Good enough for someone else? Good enough to get noticed? “Good enough” can mean a lot of different things. What it all comes down to is, we’re always going to be a little hesitant about our own ideas. We want them to appeal to a potential audience. We want to make a difference. Say something important. Promote some kind of change through our “brain crack” (not my terminology, I can’t take credit for that).

So. How do you know if your idea can do any of that?

Here are a few important questions to ask yourself.

Could You Explain It in Detail to Someone Else?

The best ideas are thought out and detailed. You could have a whole plan, an entire outline for a book, for example, an entire idea unfolded out on a page. The real test is to approach someone else and translate it.

If you’ve done enough planning, if you know your idea in its full form—even if you don’t yet know how exactly you want to implement it—for example, whether you want it to be a full-length book, short story, T.V. series or short film script—if you can explain it well enough so someone else can understand it, your idea is already more tangible than you probably realize, and maturing quickly, still, inside your head.

Are You Willing to Give It Your All? 

Sometimes ideas are more demanding than we’re willing to admit. Especially writing your first book, it’s not likely (or practical) you’ll feel the urge to drop everything, quit your day job and give yourself over completely to cranking out the prose.

But if you had to, would you?

There’s something gratifying about knowing you have enough faith in your idea to stop your life for the sake of its growth, if that was what you needed to do.

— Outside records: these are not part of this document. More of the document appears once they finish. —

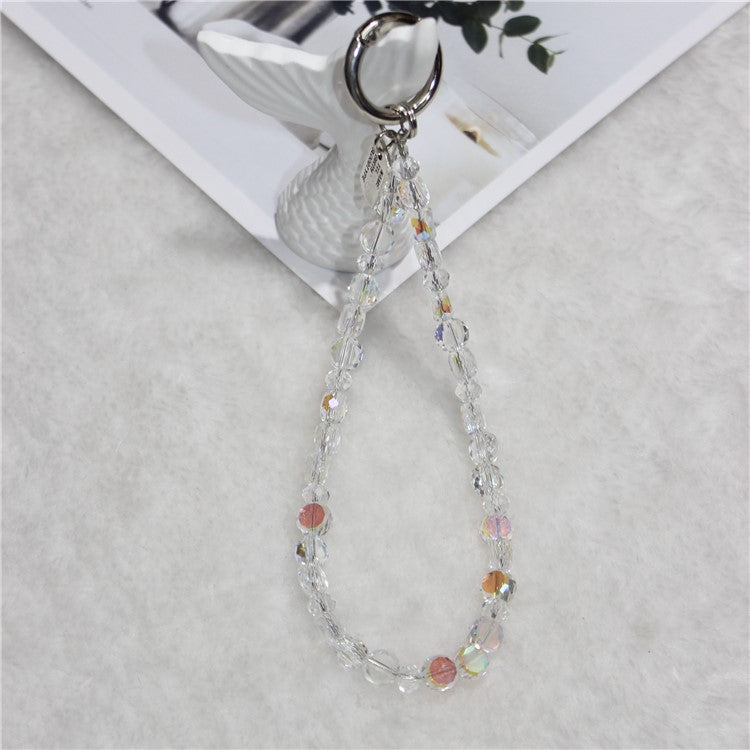 Crystal Bead Phone Lanyard Short 26cm Mobile Phone Bracelet Anti-Lost Chain - Style 1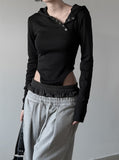 Cutout Bodysuit Unbalance Snap Hood
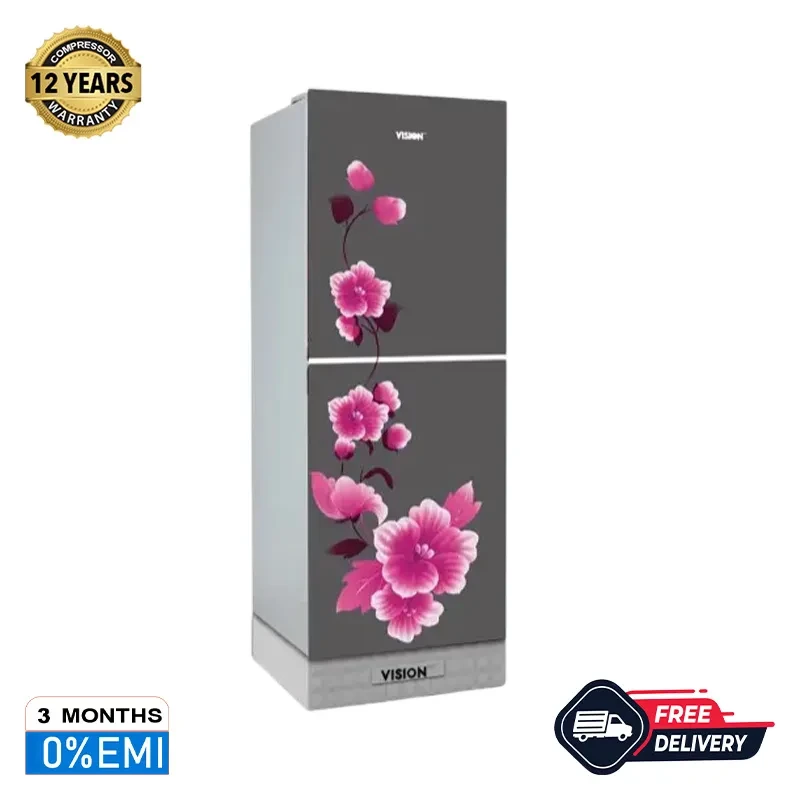 VISION Glass Door Refrigerator RE-180 Liter  Mirror Iris Top Mount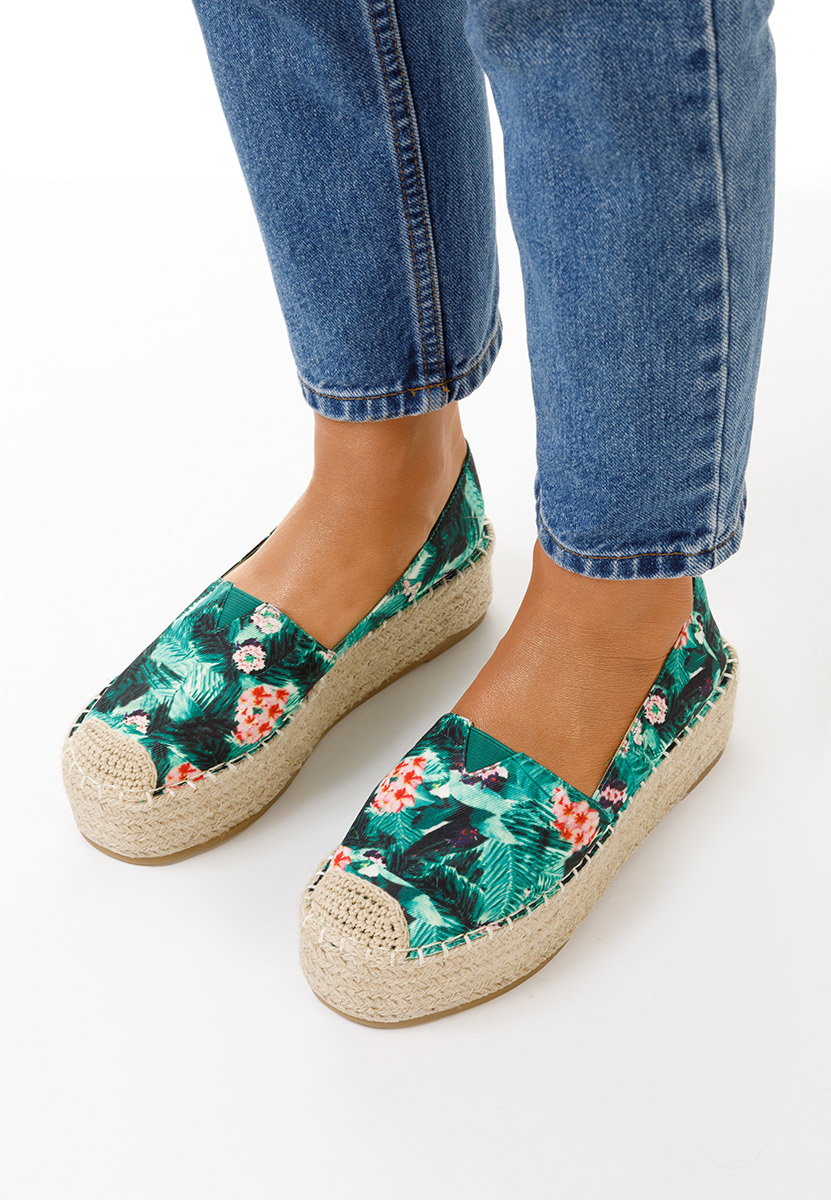 Laguna zöld telitalpú platform espadrilles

If you’re not that into it, if you like it but don’t feel obliged to give it any attention, maybe your idea isn’t good enough. Not that the idea itself isn’t good, but it’s not good for your current lifestyle, not the right place, not the right time. That’s okay, too. Maybe, over time, it will be. Maybe it won’t. If you’re not willing to nurture it, it’s probably not going to work.

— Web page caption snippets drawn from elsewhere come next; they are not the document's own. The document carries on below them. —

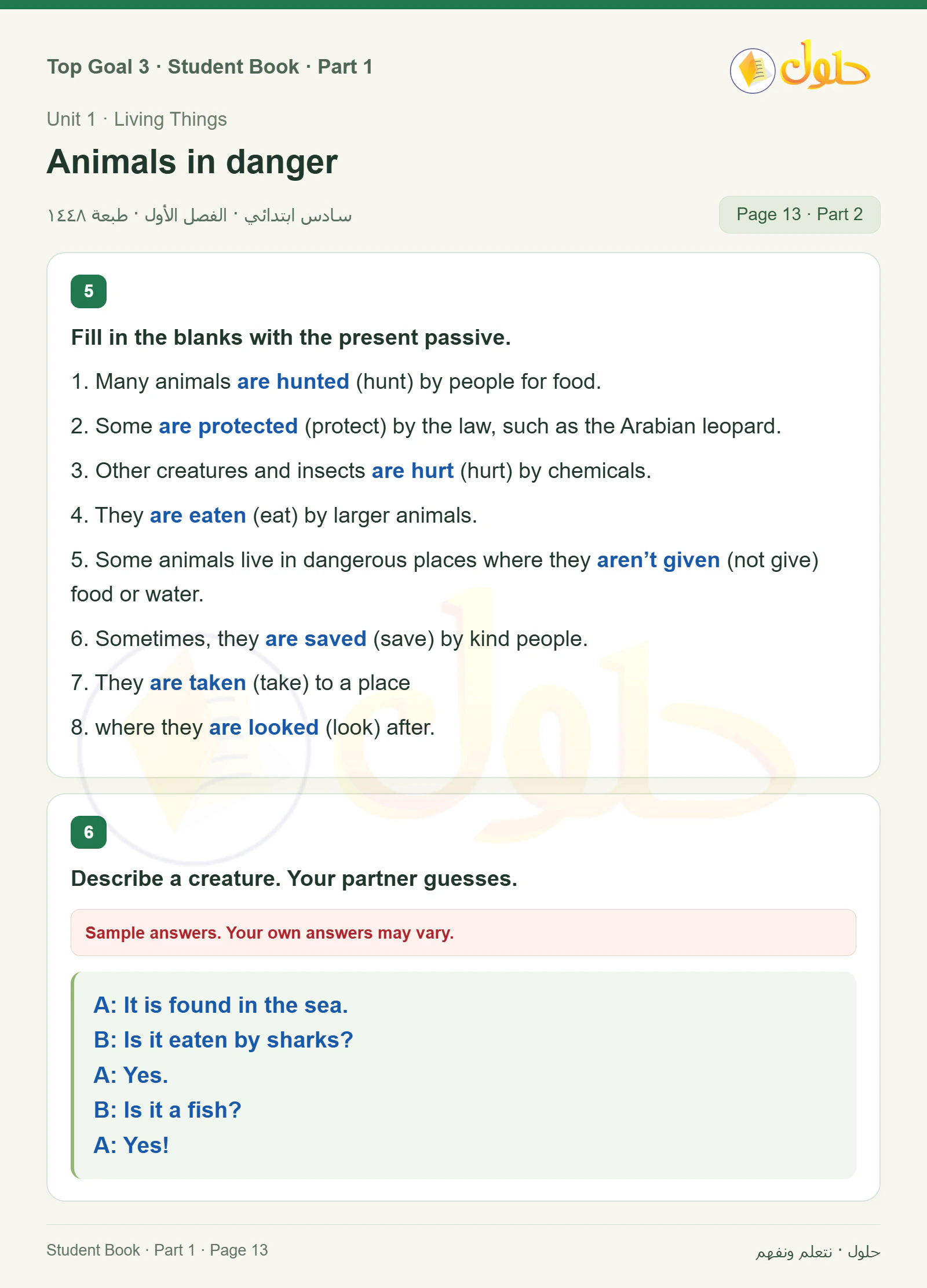 حل اللغة الإنجليزية للصف السادس الابتدائي صفحة ١٣ — الجزء ٢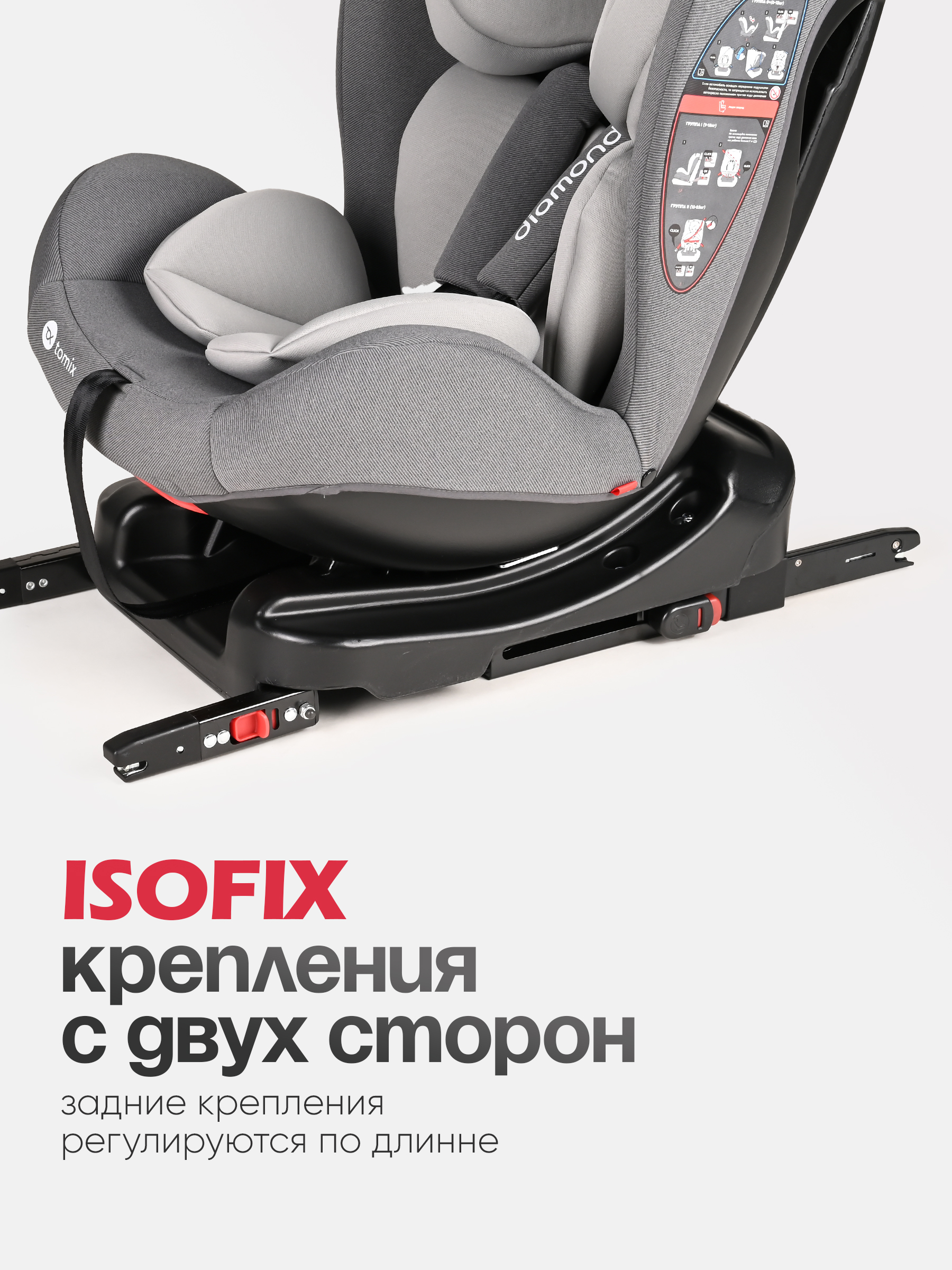 Автокресло Tomix Diamond Isofix 0+/1/2 (0-25 кг) серый - фото 9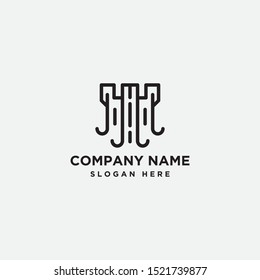 castle tech logo. building and construction - vector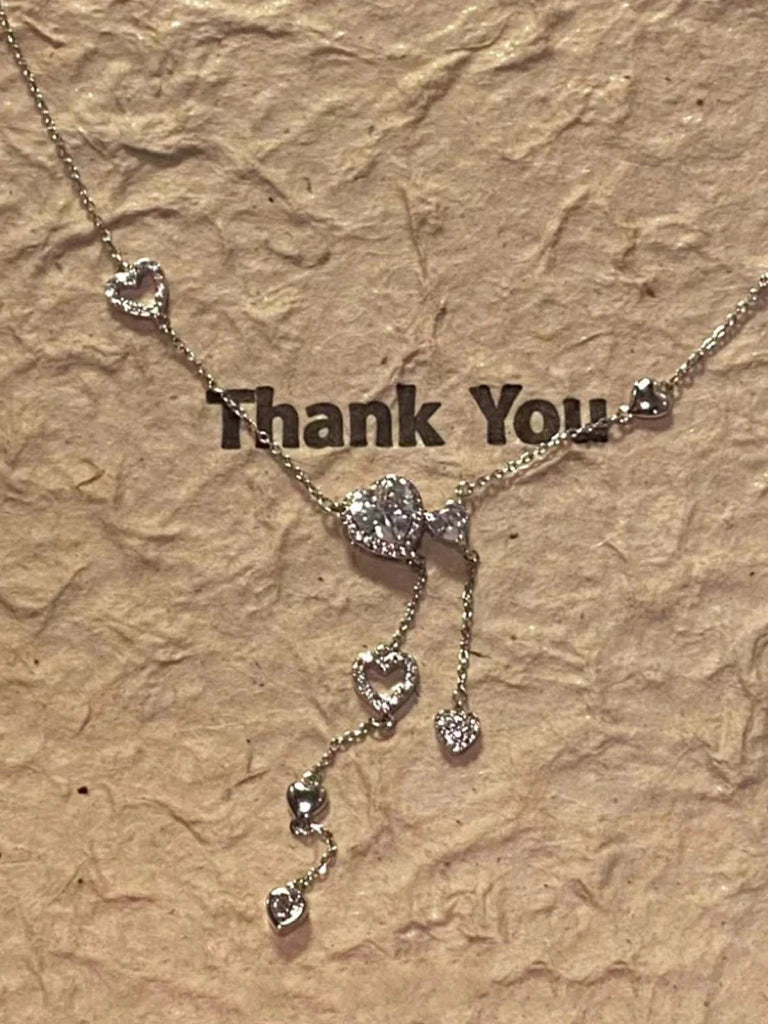 Evyn Sparkling Heart Tassel Necklace
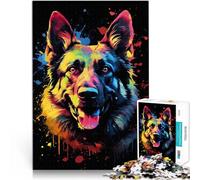 Puzzle de 2000 Piezas para Adultos Perro Pastor alemán Matar el Tiempo en Vacaciones en casa con póster a Juego y Hoja de Trivia 70x100cm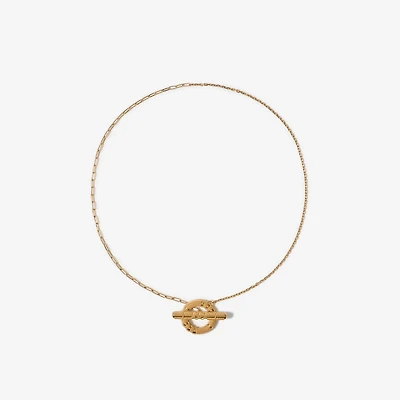 Check Granulation T-Bar Necklace in Gold - Women | Burberry® Official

Which, of course, brings us to our third point. 

How Excited Are You?

You’re not going to stick with something you don’t connect with for very long. It’s kind of like that full time job you took just to be able to pay for basic living expenses. You don’t really like it, so you know (or hope) you won’t be stuck with it forever.

Good ideas—ideas that influence, that resonate—are long-term commitments. Those of you who have written full-length novels, even those who are still trying to cross that goal off the master bucket list, know how time-consuming it can be—and that’s after an idea has formed and has had time to come together. If you’re excited about it, if you fear you’ll scare all your friends away by talking about it too much, you’re going to be successful.

Even if you never finish it out—it was an idea that ignited your passion for something. That feeling cannot be replaced.

Truthfully, if you have an idea, you’ve thought it through and you’re excited about it, that’s more than good enough. If you put all your faith and effort into it, and it doesn’t work out, that’s okay. We learn from every failed attempt we make.

Never forget, you really are your worst critic. The one idea you almost let die but don’t could become your biggest success story—literally.

Image courtesy of Novelty Revisions.

Flashbacks are Invading My Prose (Midweek Novel Update #2)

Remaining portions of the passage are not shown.